7 Control flow

(AST230) R for Data Science

Md Rasel Biswas

Control flow

  • In R, there are two primary tools of control flow: choices and loops

  • Choices allow you to run different code depending on the input

    • e.g. if statements and switch
  • Loops allow you to repeatedly run code, typically with changing options

    • e.g. for and while

Choices

  • The basic form of an if statement in R as follows
if (condition) true_action
if (condition) true_action else false_action
  • true_action corresponds to the action for which the condition is true

  • false_action corresponds to the action for which the condition is false

x <- sample(1:10, 1)
if (x >= 5) {
  "x is greater than or equals 5"
} else {
  "x is smaller than 5"
}
[1] "x is greater than or equals 5"

When R evaluates the condition inside if statements, it is looking for a logical element, i.e., TRUE or FALSE

x  <-  4 == 3
if (x) {
  "Nothing will print as condition is FALSE"
}
if (TRUE) {"Understand?"}
[1] "Understand?"
  • Write a function that takes the raw score obtained in an exam and returns the grade corresponding to the number.

y = \begin{cases} A & \text{if} \;x >= 90 \\ B & \text{if} \;80 \leq x < 90 \\ C & \text{if} \;60 \leq x < 80 \\ F & \text{if}\;x < 60\end{cases}

grade <- function(x) {
  if (x >= 90) y = "A"
  else if (x >= 80) y = "B"
  else if (x >= 60) y = "C"
  else y = "D"
  return(y)
}
grade(77)
[1] "C"
grade(95)
[1] "A"
  • The dplyr package has a function case_when() to categorize a variable
library(dplyr)
grade_c <- function(x) {
  y <- case_when(x >= 90 ~ "A",
                 x >= 80 | x < 90 ~ "B",
                 x >= 60 | x < 80 ~ "C",
                 x < 60 ~ "D")
  return(y)
}
grade_c(77)
[1] "B"
grade_c(95)
[1] "A"
  • if() function is used for single values.

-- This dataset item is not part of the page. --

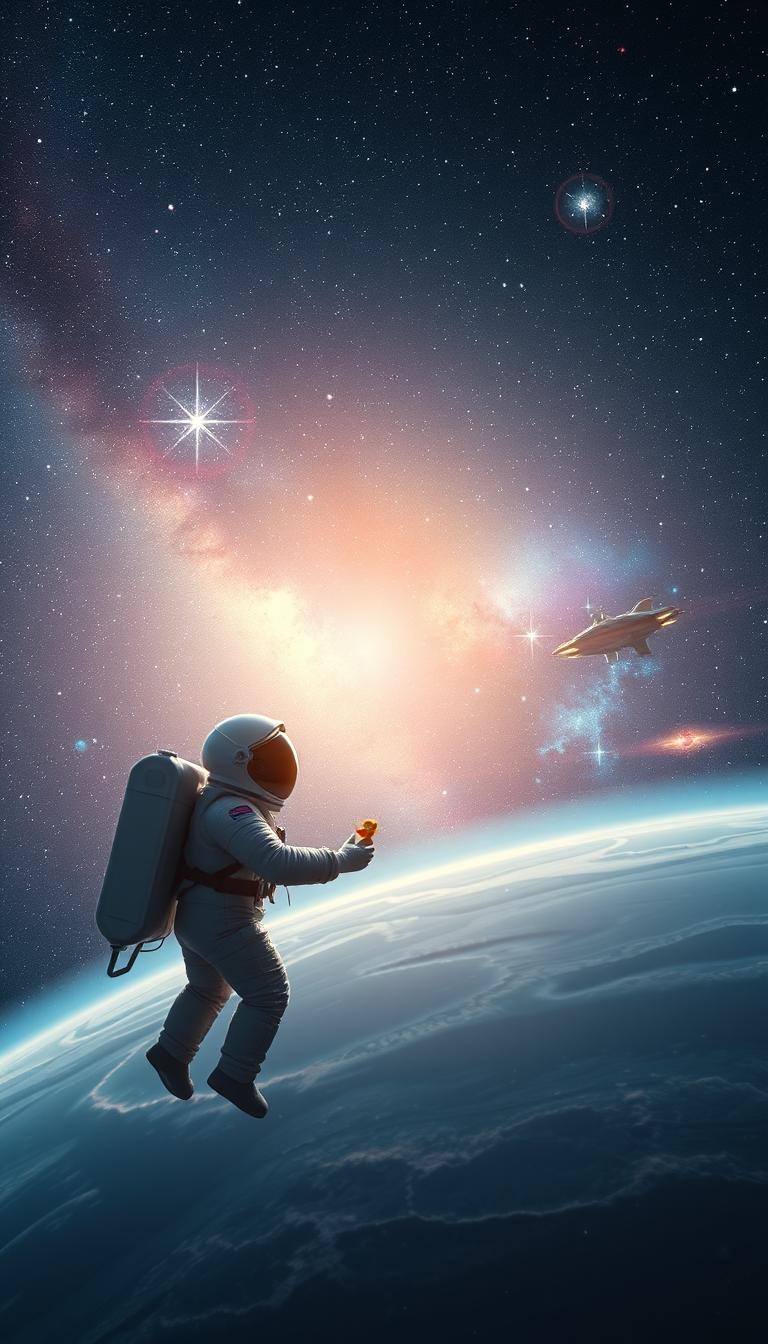 A photorealistic depiction of a serene space scene, featuring a vast starry sky filled with countless twinkling stars and colorful nebulas. In the foreground, a close-up view of an astronaut in professional attire gently floating while holding a small, child-friendly object representing safety, like a brightly colored toy. The middle ground showcases a planetary surface with soft, glowing light reflecting off a nearby celestial body, creating a sense of wonder and exploration. The background reveals distant galaxies and an ethereal spacecraft, all bathed in a calming blue and purple hue. The atmosphere is tranquil yet awe-inspiring, conveying the wonders of space exploration while emphasizing the importance of safety in all endeavours. The lighting is soft and diffuse, highlighting the textures of the astronaut's suit and the celestial elements beautifully. A photorealistic depiction of a serene space scene, featuring a vast starry sky filled with countless twinkling stars and colorful nebulas. In the foreground, a close-up view of an astronaut in professional attire gently floating while holding a small, child-friendly object representing safety, like a brightly colored toy. The middle ground showcases a planetary surface with soft, glowing light reflecting off a nearby celestial body, creating a sense of wonder and exploration. The background reveals distant galaxies and an ethereal spacecraft, all bathed in a calming blue and purple hue. The atmosphere is tranquil yet awe-inspiring, conveying the wonders of space exploration while emphasizing the importance of safety in all endeavours. The lighting is soft and diffuse, highlighting the textures of the astronaut's suit and the celestial elements beautifully.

  • To sort a list of values into two categories, you can use the base R function ifelse() or the dplyr package’s if_else() function

  • The syntax of if_else()

if_else(condition, true_action, false_action)
x <- 1:10
x
 [1]  1  2  3  4  5  6  7  8  9 10
dplyr::if_else(x %% 2 == 0, "even", "odd")
 [1] "odd"  "even" "odd"  "even" "odd"  "even" "odd"  "even" "odd"  "even"

Loops

  • for loops are used to iterate over items in a vector
for (item in vector) {
  perform_action
}
for (i in 1:3) {
  print(i)
}
[1] 1
[1] 2
[1] 3
v <- c("this", "is", "a", "for", "loop")
for(i in v){
  print(i)
}
[1] "this"
[1] "is"
[1] "a"
[1] "for"
[1] "loop"
  • The next statement skips the current iteration of the loop and starts the loop from the next iteration

  • The break statement terminate the execution of the loop.

for (i in 1:10) {
  if (i < 3) next
  if (i >= 5) break
  print(i)
}
[1] 3
[1] 4
  • Sometimes you will find yourself needing to repeat an operation until a certain condition is met, rather than doing it for a specific number of times.
z <- 1
while (z < 4) {
  z <- z + 1
  print(z)
}
[1] 2
[1] 3
[1] 4

Base functionals

A functional is a function that takes a function as an input and returns a vector as output.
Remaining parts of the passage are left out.